Re: Partitioned table performance - Mailing list pgsql-performance

From Tom Lane
Subject Re: Partitioned table performance
Date
Msg-id 18421.1103160608@sss.pgh.pa.us
Whole thread Raw
In response to Re: Partitioned table performance  (Greg Stark <gsstark@mit.edu>)
Responses Re: Partitioned table performance  ("Jim C. Nasby" <decibel@decibel.org>)
List pgsql-performance
Greg Stark <gsstark@mit.edu> writes:
> But I'm a bit puzzled. Why would Append have any significant cost? It's just
> taking the tuples from one plan node and returning them until they run out,
> then taking the tuples from another plan node. It should have no i/o cost and
> hardly any cpu cost. Where is the time going?

As best I can tell by profiling, the cost of the Append node per se is
indeed negligible --- no more than a couple percent of the runtime in
CVS tip for a test case similar to Stacy White's example.

It looks bad in EXPLAIN ANALYZE, but you have to realize that passing
the tuples up through the Append node doubles the instrumentation
overhead of EXPLAIN ANALYZE, which is pretty sizable already.  (If you
turn on \timing in psql and try the query itself vs.
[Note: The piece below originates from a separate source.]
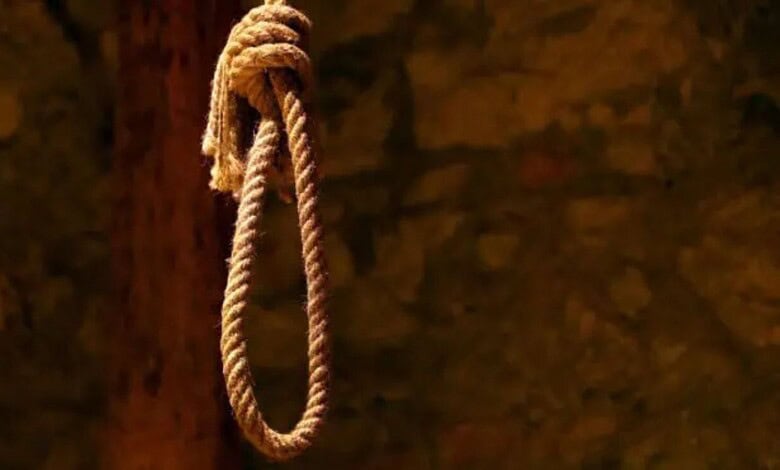 Image of a noose hanging from a wooden beam, symbolising suicide.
EXPLAIN ANALYZE,
the actual elapsed time is about double, at least for me.)

The other effect, which I hadn't expected, is that the seqscans
themselves actually slow down.  I get

regression=# explain analyze SELECT COUNT(*), MAX(bar1) FROM super_foo ;
                                                               QUERY PLAN

----------------------------------------------------------------------------------------------------------------------------------------
 Aggregate  (cost=16414.32..16414.32 rows=1 width=4) (actual time=32313.980..32313.988 rows=1 loops=1)
   ->  Append  (cost=0.00..13631.54 rows=556555 width=4) (actual time=0.232..21848.401 rows=524289 loops=1)
         ->  Seq Scan on super_foo  (cost=0.00..0.00 rows=1 width=4) (actual time=0.020..0.020 rows=0 loops=1)
         ->  Seq Scan on sub_foo1 super_foo  (cost=0.00..6815.77 rows=278277 width=4) (actual time=0.187..6926.395
rows=262144loops=1) 
         ->  Seq Scan on sub_foo2 super_foo  (cost=0.00..6815.77 rows=278277 width=4) (actual time=0.168..7026.953
rows=262145loops=1) 
 Total runtime: 32314.993 ms
(6 rows)

regression=# explain analyze SELECT COUNT(*), MAX(bar1) FROM sub_foo1;
                                                       QUERY PLAN

------------------------------------------------------------------------------------------------------------------------
 Aggregate  (cost=8207.16..8207.16 rows=1 width=4) (actual time=9850.420..9850.428 rows=1 loops=1)
   ->  Seq Scan on sub_foo1  (cost=0.00..6815.77 rows=278277 width=4) (actual time=0.202..4642.401 rows=262144 loops=1)
 Total runtime: 9851.423 ms
(3 rows)

Notice the actual times for the sub_foo1 seqscans.  That increase (when
counted for both input tables) almost exactly accounts for the
difference in non-EXPLAIN ANALYZE runtime.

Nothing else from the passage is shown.